Optimal strategies for controlled growth in metastable Kawasaki dynamics

TL;DR

This paper formulates an optimal control problem for the metastable Ising model with Kawasaki dynamics, identifying strategies to guide system growth efficiently or with minimal energy cost.

Contribution

It introduces a reduced MDP framework for controlling metastable Kawasaki dynamics and characterizes optimal policies under different reward structures.

Findings

Optimal policies differ based on reward structure: boundary growth for efficiency, corner growth for energy minimization.

The reduced MDP effectively captures key dynamics of controlled cluster growth.
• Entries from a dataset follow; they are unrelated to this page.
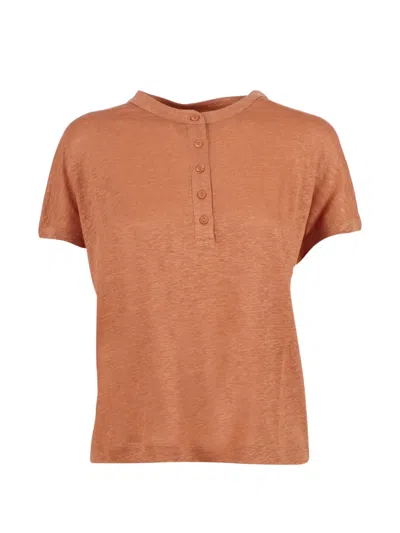 Kangra Cashmere Button-fastening Linen T-shirt In Brown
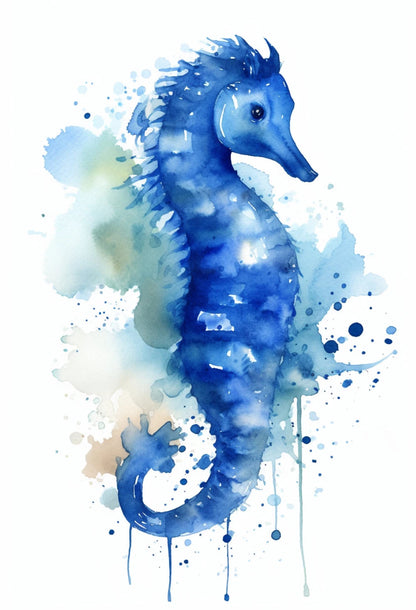 Watercolor Blue Coastal Sea Creatures Canvas Wall Art Posters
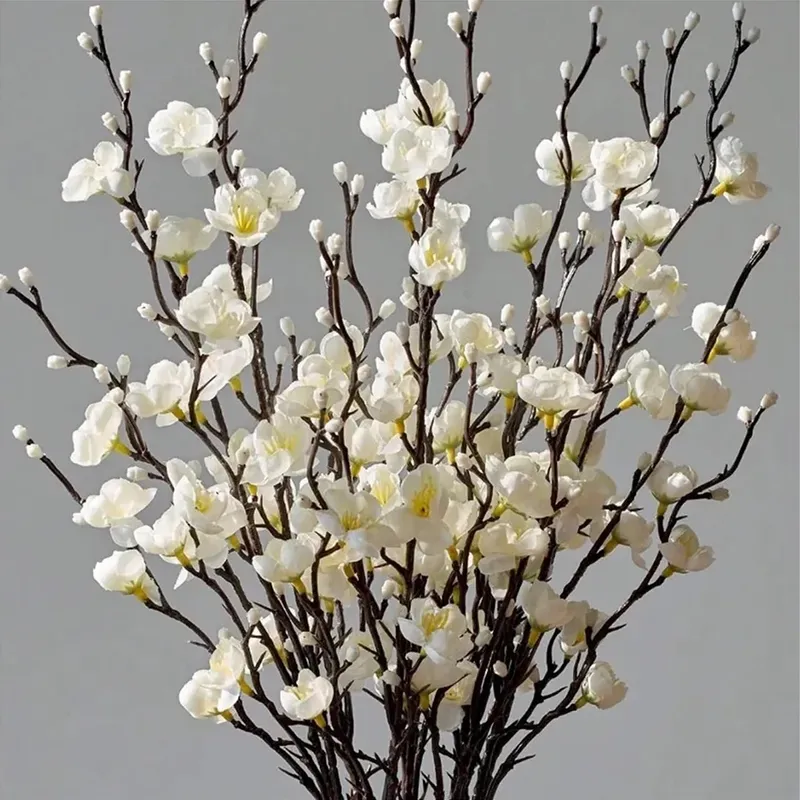 Künstliche Pflaumenblüte 21,7'' Fake Wintersweet Kunststoffblumen mit langem Stiel für Zuhause, Hotel, Büro, Hochzeit, Party, Gartendekoration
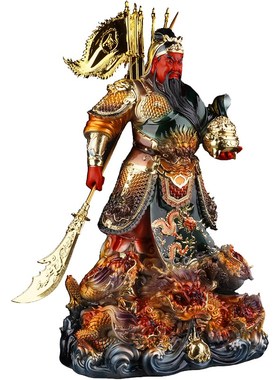 如一阁新关羽神像供奉佛堂居室关公圣像九龙招财关圣帝君立像摆件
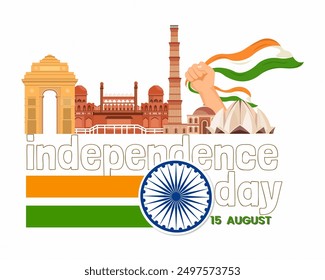 15 august happy independence day of india celebration with indian flag waves famous indian landmarks with ashoka chakra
Explicit characterization of optimal strategies enhances understanding of metastable system control.

Abstract

In this paper, we develop a Markov decision process (MDP) formulation for the low--temperature metastable Ising model evolving according to Kawasaki dynamics in a finite box of the two--dimensional square lattice. We analyze how an external controller can guide the system to the all--occupied state by appropriately adding and moving particles at specified moments in time. To this end, we construct a reduced MDP on a constrained family of configurations having a single cluster, a regime where particle attachment is more likely than detachment. We investigate two reward structures: one that depends solely on the time to reach the target configuration, and another that incorporates action--dependent energy costs. Within this MDP framework, we characterize the exact optimal policies under both reward structures, which turn out to have a different behavior: while a purely efficiency--based criterion promotes the growth from the boundary centers of the cluster, an energy--based reward function favours the growth at the corners of the cluster.